Threats to the region’s energy security caused by Russia discussed with Nordic lawmakers


2017 08 24


The situation of energy security in the Baltic Sea region was discussed at the meeting between Minister of Energy Žygimantas Vaičiūnas and members of Nordic parliaments. The meeting mainly focused on the threats caused by unsafe Astravets Nuclear Power Plant (NPP), which is being built in Belarus, and the Nord Stream 2 project implemented by Russia.

The Minister noted that the Nord Stream 2 gas pipeline, planned to be laid at the bottom of the Baltic Sea, basically contradicts the goals of the European Union (EU) energy policy. If the project is implemented, it will weaken rather than strengthen EU energy security and increase dependence on Russia.

Lithuania seeks substantial evaluation of the necessity of another gas pipeline from Russia to Europe.
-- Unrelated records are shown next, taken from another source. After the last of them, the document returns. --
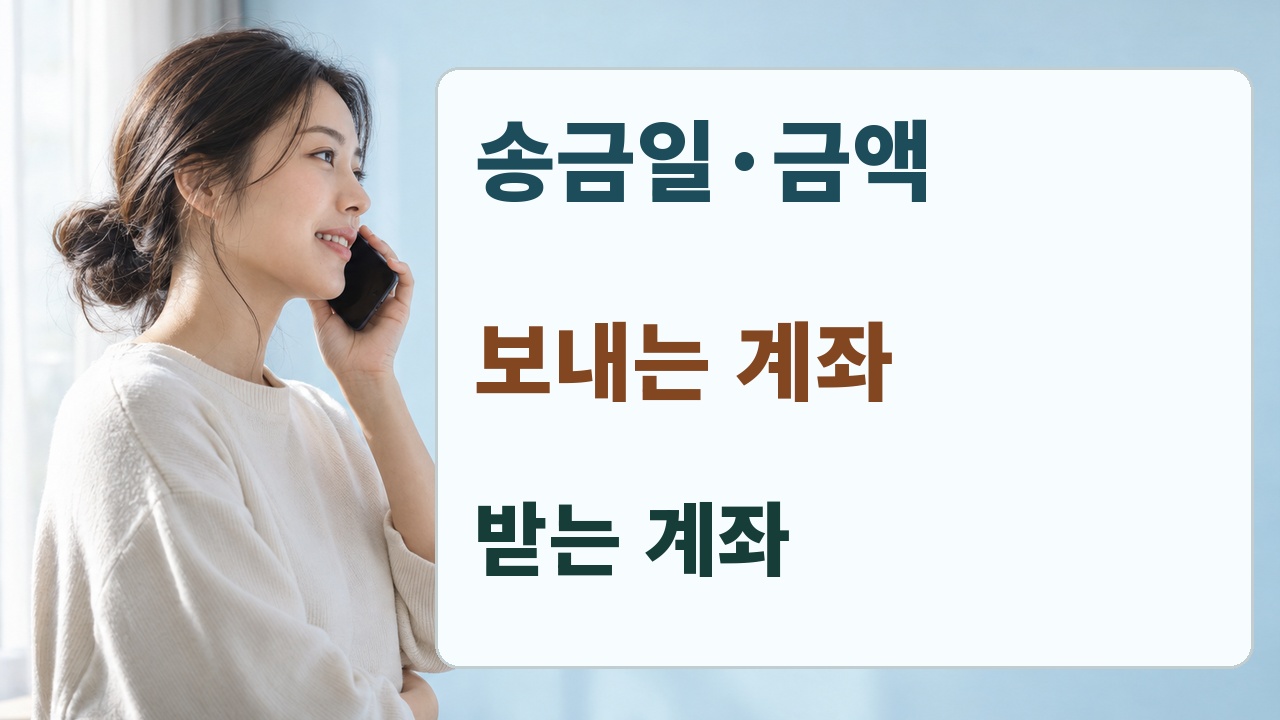 송금일과 금액, 보내는 계좌, 받는 계좌를 대조하는 확인 순서
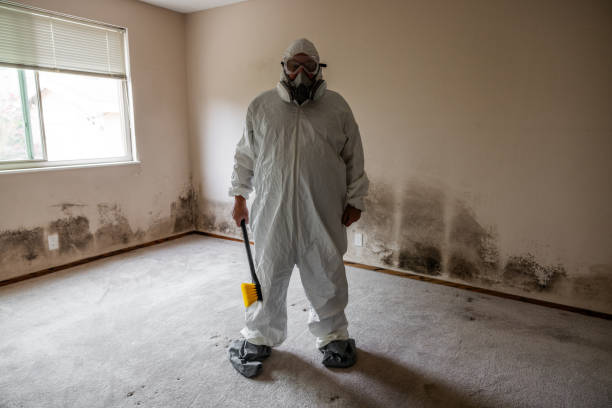 Best Post-Flood Mold Remediation in Park Ridge, IL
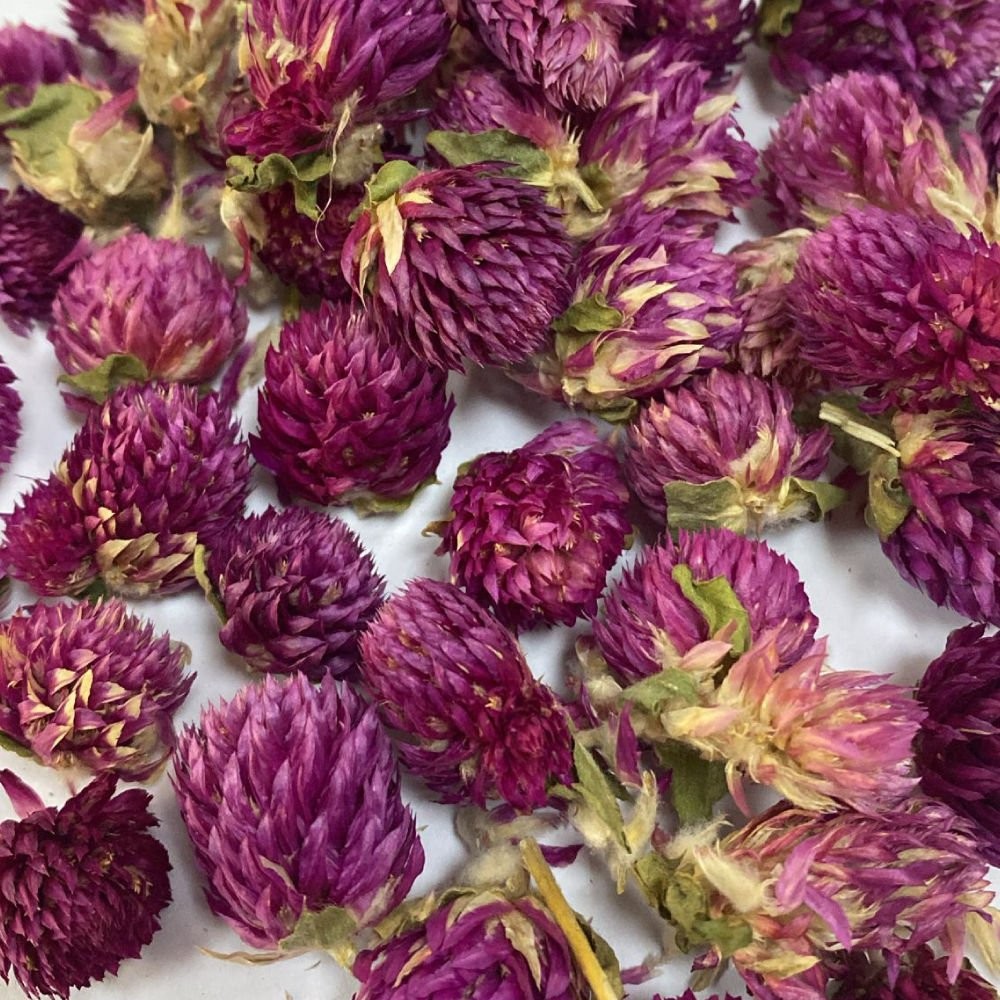 Otcu® Hanım Düğmesi Çiçeği 15 gr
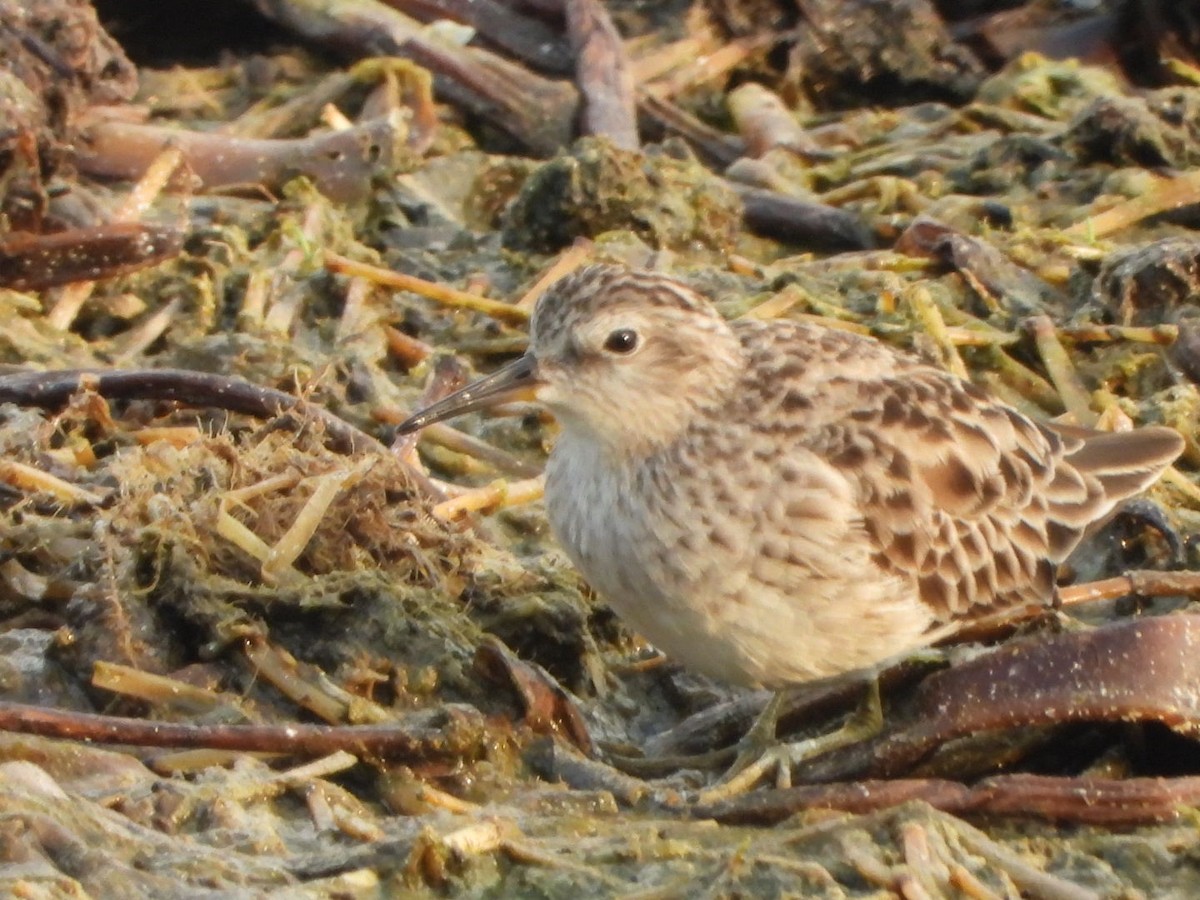 Long-toed Stint - ML614739023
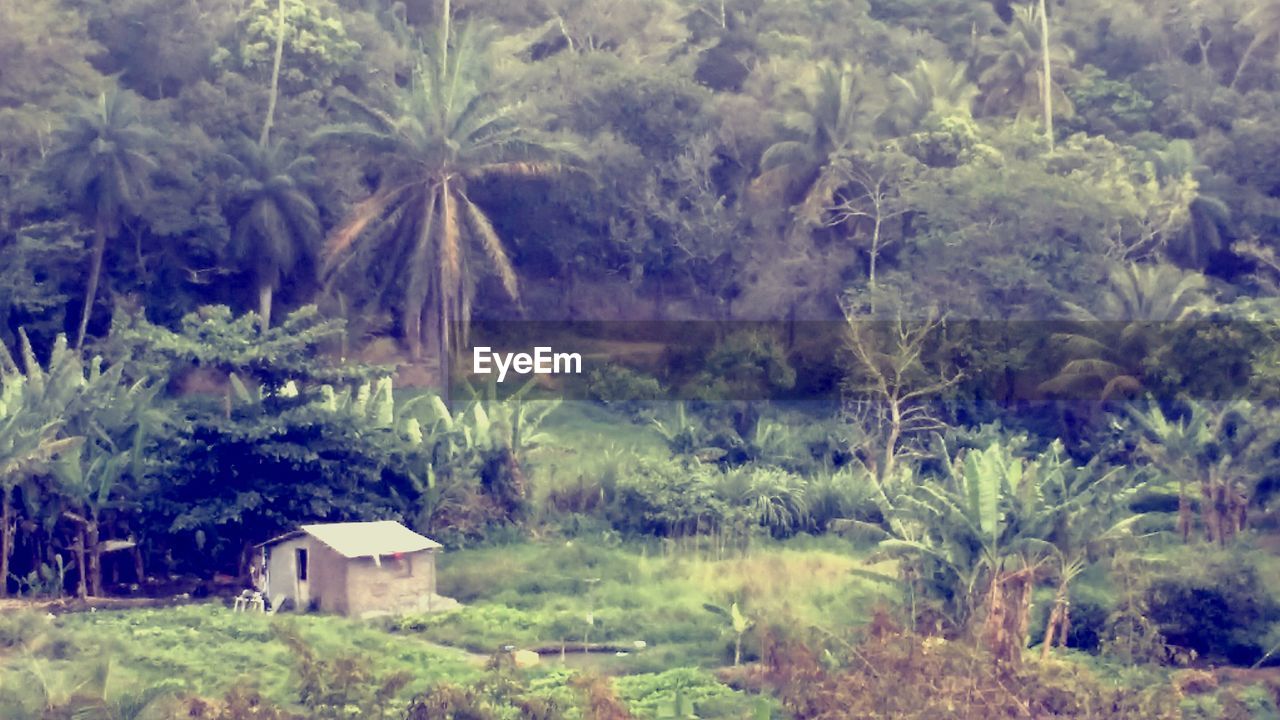 PANORAMIC VIEW OF TREES ON LANDSCAPE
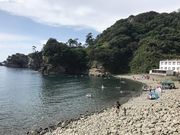 �����₳��̕����C������̓��e�ʐ^3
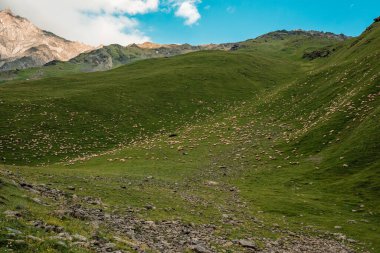Dağ, tepe, günbatımı, güzel manzaralı dağlar bir sığır sürüsü. Mükemmel çayır koyunu.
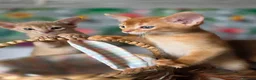Abyssinian cats for sale: Beautiful Aby kitten  - Advert 1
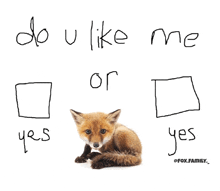 a picture of a fox with the words do u like me or yes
Furthermore, Lithuania considers that Russia’s obligations to retain gas transit through Ukraine must be explicitly set out. 

“We cannot close our eyes before Russia’s attempts to consolidate its geopolitical influence through energy projects such as Astravets NPP or the Nord Stream 2 gas pipeline. Lithuania has experienced what it means to be Russia’s hostage over energy means, and thus we want to warn the entire region,” said Minister Žygimantas Vaičiūnas. 

The Minister told Nordic lawmakers about the threats of Astravets NPP, built with Russia’s money and technology, not only to Lithuania, but also to the entire region. The threats caused by Astravets NPP are related not only to non-compliance with the international nuclear safety and environmental requirements, but also to the incidents that often occur during its construction. It was also noted that after this cheap and “unsafe” electricity generated in Astravets NPP gets into the EU, it would have a competitive advantage in respect of “safe” electricity produced in the EU. Therefore, Lithuania aims to bring together the countries of the region in order to guarantee that competitive conditions are not distorted. 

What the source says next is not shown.